God of War: The Power of Fatherhood

I hang out with Oliver and the rest of the Goof Troop on a regular basis. We watched the E3 conferences together, so when this demo reel for the new God of War roll we paid attention. Being that many of us either are raising children, work with them, or otherwise pay attention to the realities of raising children, when we saw Kratos with that boy we took notice. I'll let Oliver take it from here.

First: Give Oliver a follow on Twitter. (And say Hello when you do.) He's a good guy like that, and humble to boot. Knows his stuff.

Now, there's something else I picked up on (and I was not alone): the boy's characterization. Kratos's son is very much what a normal boy is. He wants to play and not do drudge work. He's happy, and cheery, and doesn't want to harm things that don't pose a threat to him or his. He wants his father's approval, thinks highly of him, and love him (and his mother) dearly. He's innocent, and recognizing that fact--along with that he is the son of a god-slayer--means that all the things that any father worth a damn has to do for his son (as Oliver points out) matter even more here. Being the son of a legendary and notorious hero and god-slayer makes you a target for his enemies, and Kratos will not always be there to protect him.

Kratos knows that, sooner or later, his son must fend for himself- and do so in a world filled with gods and monsters who hate and fear Kratos. He knows that his boy may be required to fend for himself well before most ordinary boys do, and do so against far more powerful threats than most ordinary boys need ever consider. He doesn't know how much time he has, so he's got to get this boy ready as soon as he can. Yet, in doing so, he knows what has to happen to harden a boy into a man. He knows how loving and caring his son is, how his boy really doesn't want to harm others, so he wisely decides to focus on the truth: that men have to do it, but only when necessary. That he does so in so brilliant a move as helping the boy do the mercy-kill on the stag they hunted is a powerful moment, one that his son will never forget.

That moment is transformative. That moment is what we call "initiatory", because it is the first time this boy did what will become routine for him, and in doing this he learned by direct experience what is required of him when he grows up. Any culture worth a damn recognizes that these moments are necessary, and therefore finds a way to structure them to produce the desired results reliably. What we saw here is the raw, emergent form and not the ritualized and formalized form we're often told to think of initiation rites. For boys, this is critical for proper development into men, and that means men need to be fathers to guide their sons through this process.
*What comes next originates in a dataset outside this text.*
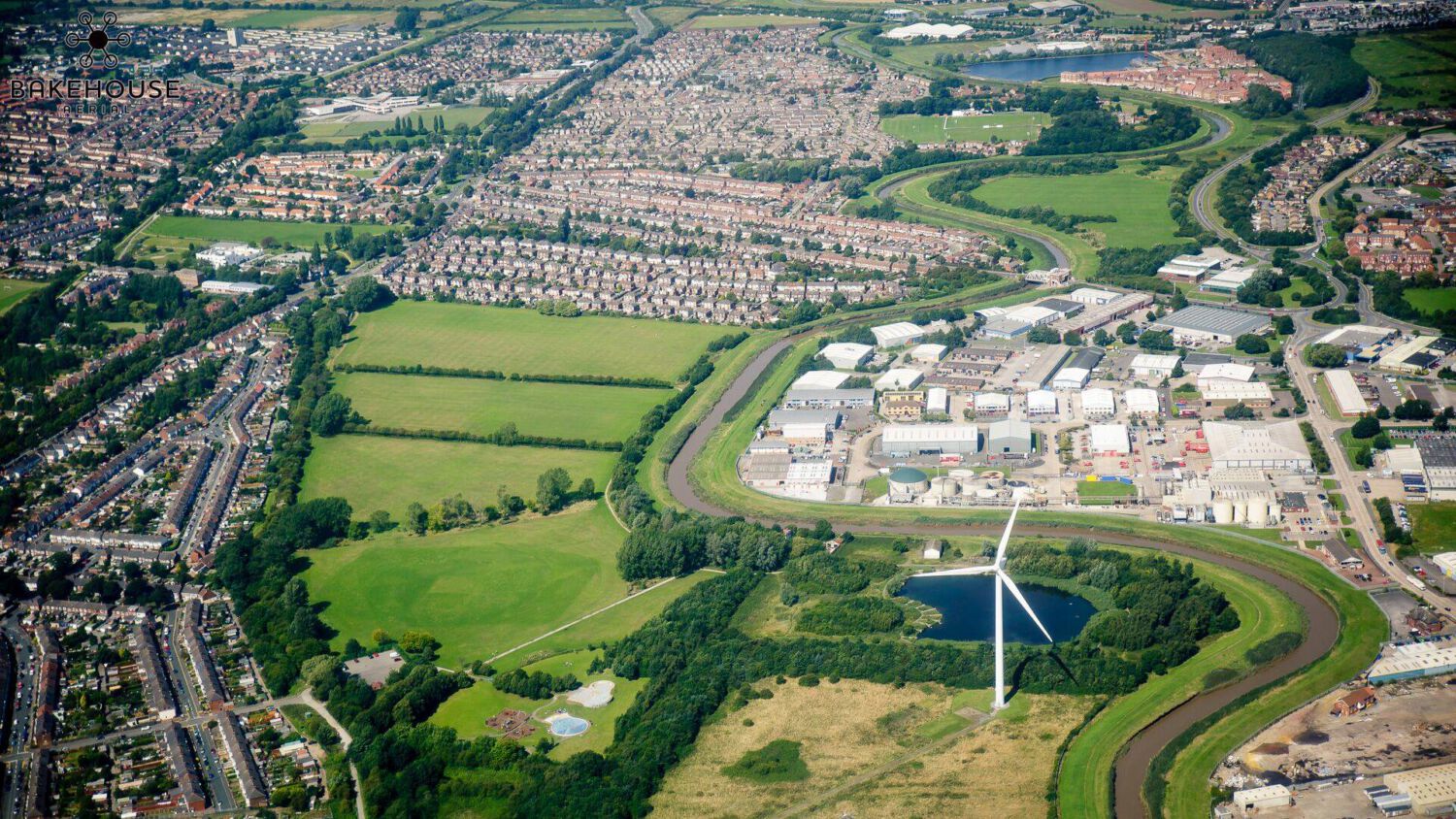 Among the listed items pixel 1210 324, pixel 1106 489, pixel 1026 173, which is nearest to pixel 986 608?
pixel 1106 489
To see this depicted, and depicted as the good and necessary thing that it is, in a AAA videogame title is a big deal- and a display that rejects the SocJus cult's poisonous dogma that hates the power that fathers and fatherhood possess to build and maintain healthy cultures in all the races of Man. For that, I am grateful to the team behind this new God of War game. Now, I just hope that the gameplay also delivers.